Exercise goal:
Taking the line with "white gold multi marquise engagement ring" as the first and the line with "Dolce & Gabbana" as the last, set down exactly every line in that range from the entries below, and no more.

Extracted information:
══════════
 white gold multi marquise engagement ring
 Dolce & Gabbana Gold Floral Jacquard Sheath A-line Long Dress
══════════
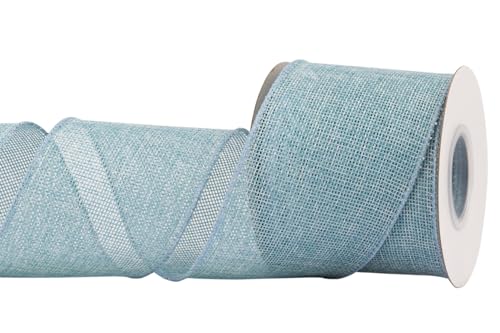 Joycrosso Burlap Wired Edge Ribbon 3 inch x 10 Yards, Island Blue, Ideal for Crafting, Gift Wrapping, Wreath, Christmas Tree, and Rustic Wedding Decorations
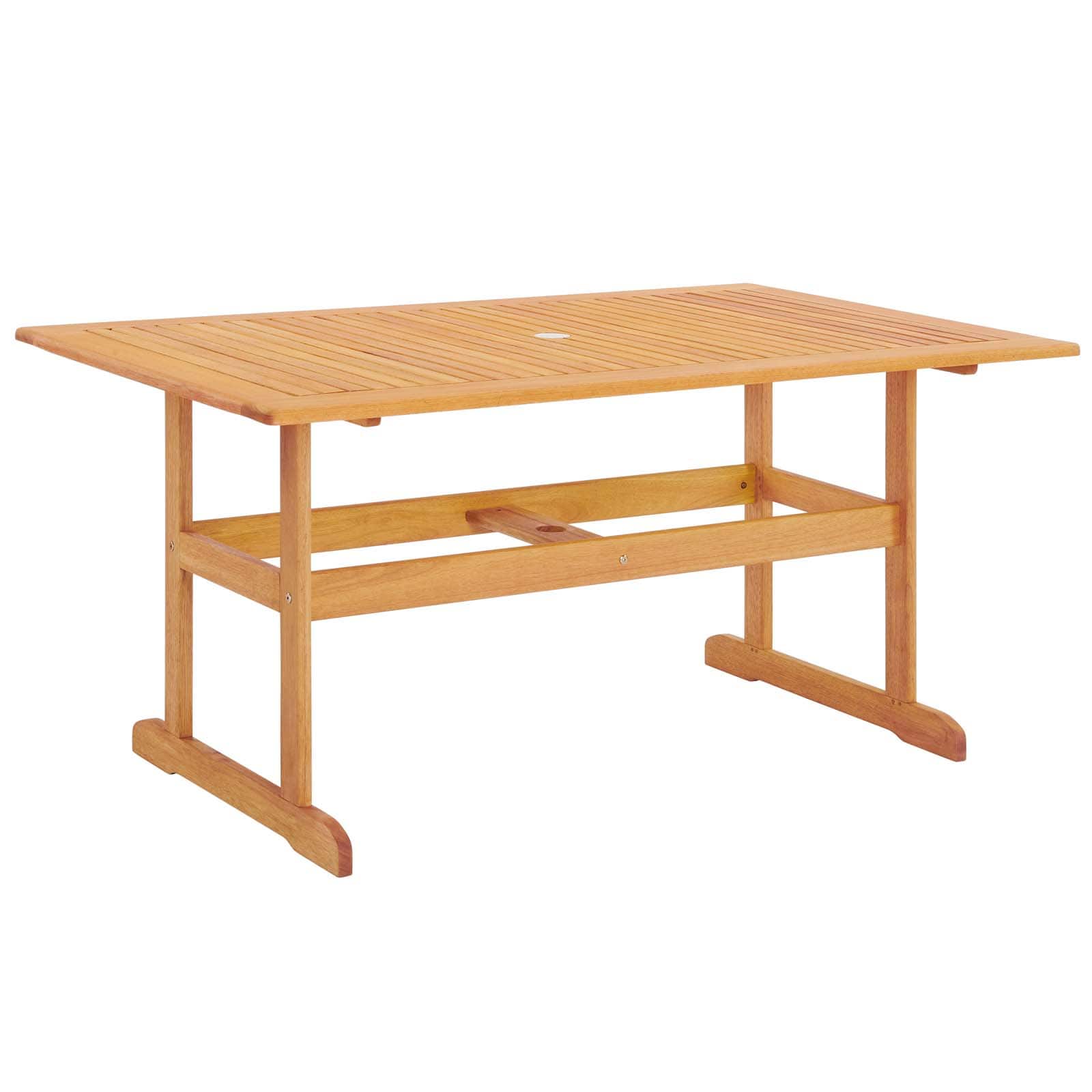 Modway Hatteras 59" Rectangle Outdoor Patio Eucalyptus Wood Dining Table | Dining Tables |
══════════
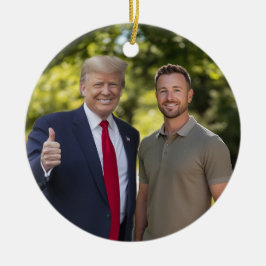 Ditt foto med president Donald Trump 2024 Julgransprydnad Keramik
══════════
Response for this exercise:
 white gold multi marquise engagement ring
 Dolce & Gabbana Gold Floral Jacquard Sheath A-line Long Dress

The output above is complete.